LOMBOK TIMUR, Lingkar.news – Kementerian Pelindungan Pekerja Migran Indonesia (KP2MI) menegaskan penguatan pelindungan Pekerja Migran Indonesia (PMI) kini diarahkan lebih tajam dengan menjadikan desa sebagai titik awal utama.
Direktur Jenderal Pemberdayaan KP2MI, Dr M Fachri MSi, menyatakan pelindungan tidak lagi bisa dimulai saat pekerja berada di luar negeri, tetapi harus sejak dari desa, saat keputusan untuk bermigrasi mulai terbentuk.
Hal ini disampaikan Fachri dalam Lokakarya Multi Stakeholder Forum di Lombok Timur, Nusa Tenggara Barat (NTB), yang mengangkat tema “Penguatan Ekosistem Pelindungan PMI Berbasis Desa melalui Kolaborasi Multi-Stakeholder.”

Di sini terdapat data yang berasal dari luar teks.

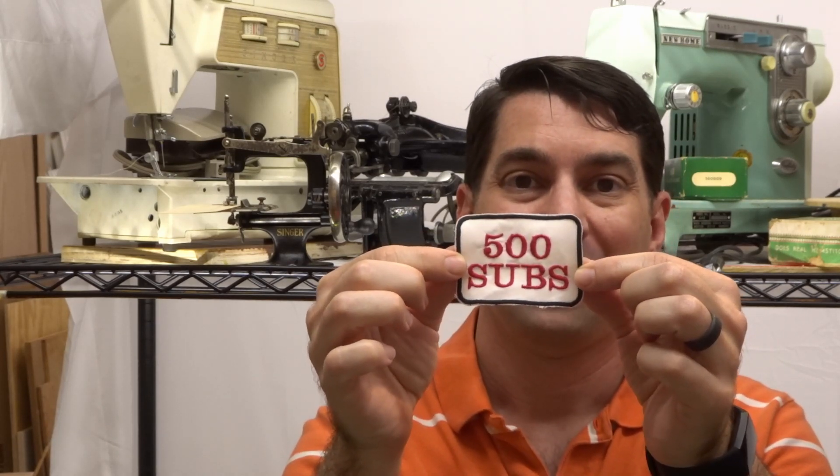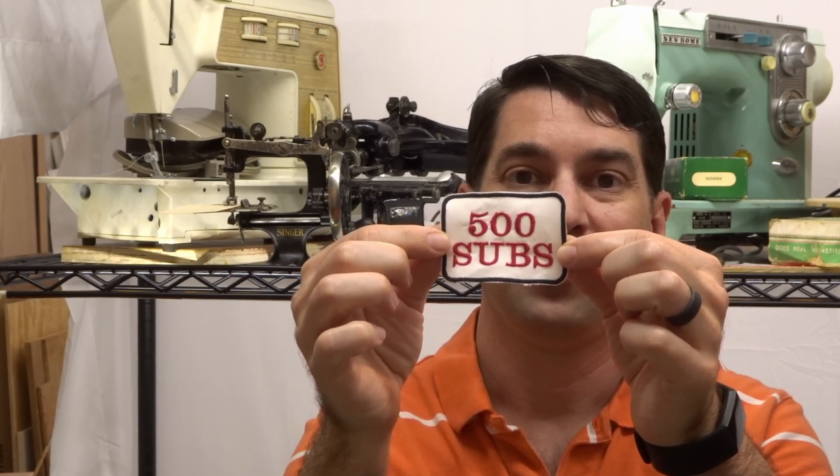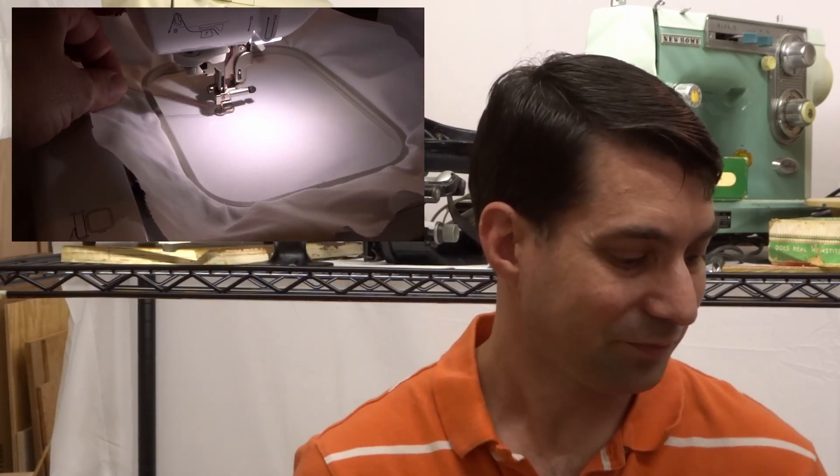I even made this 500 subs patch. I'll probably have a video showing you this process, but I'm excited — this is great. This is a journey that we're going to be going on for a long time.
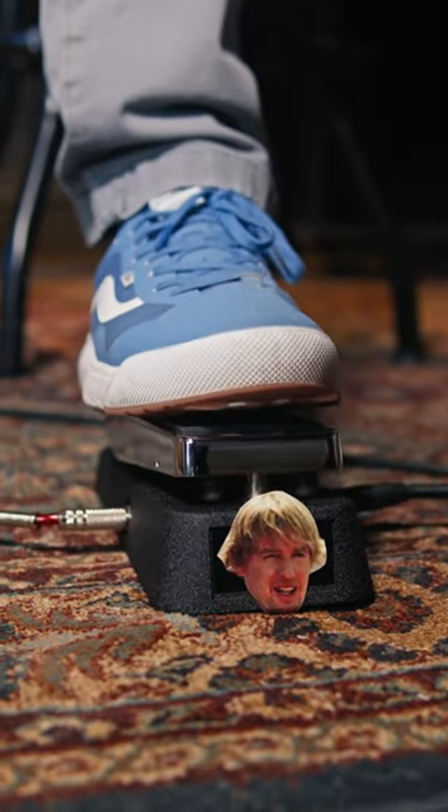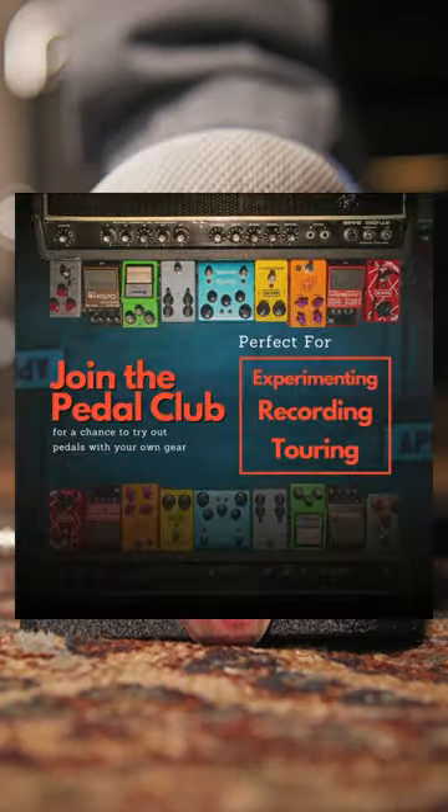Get your Owen Wilson Wow pedal today and learn the tracks from the surprisingly successful films like Zoolander, Cars, Cars 2, and Cars 3. Rent it today from the Hagerty's Music Pedal Club for as low as $15 a month. Wow! Thanks, Owen Wilson.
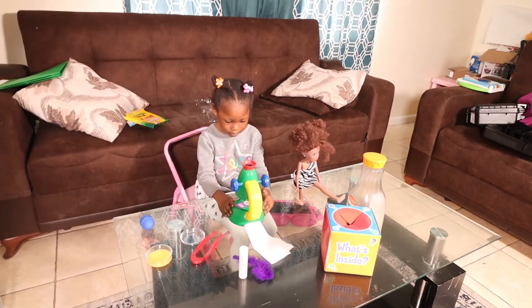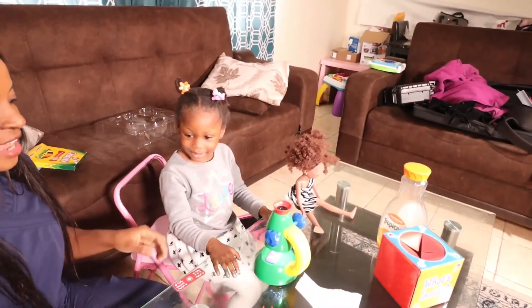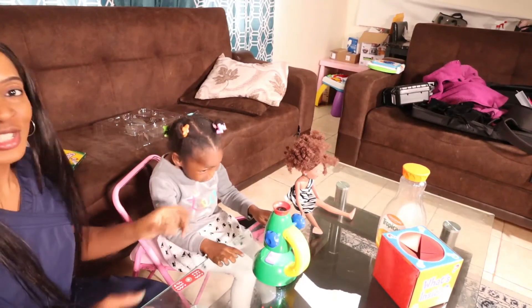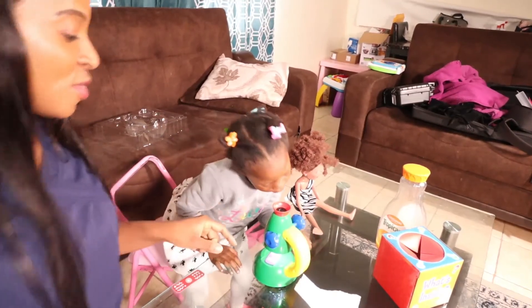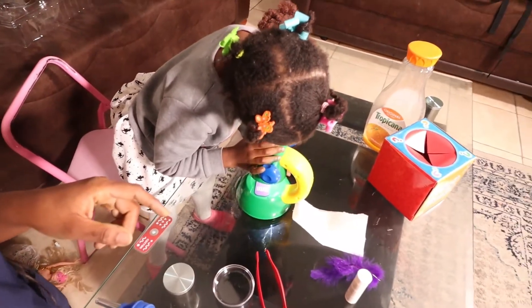Now we're trying to adjust the camera to see if I can give you guys a better view of what it's going to look like, so you can actually see better.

“Desa adalah titik awal migrasi. Di sanalah informasi diterima, keputusan diambil, dan masa depan ditentukan. Ketika desa kuat, migrasi akan aman. Sebaliknya, ketika desa lemah, kerentanan akan muncul,” tegasnya.
Kegiatan ini dihadiri oleh Kepala BP3MI NTB, Kepala Dinas Tenaga Kerja dan Transmigrasi Lombok Timur, Kepala Dinas Koperasi dan UMKM Lombok Timur, perwakilan Pemkab dan Polres Lombok Timur, serta para kepala desa dari Desa Migran Emas di Lombok Timur.
Kehadiran para pemangku kebijakan ini menegaskan pentingnya sinergi lintas sektor dalam membangun sistem pelindungan PMI yang terintegrasi dari hulu hingga hilir.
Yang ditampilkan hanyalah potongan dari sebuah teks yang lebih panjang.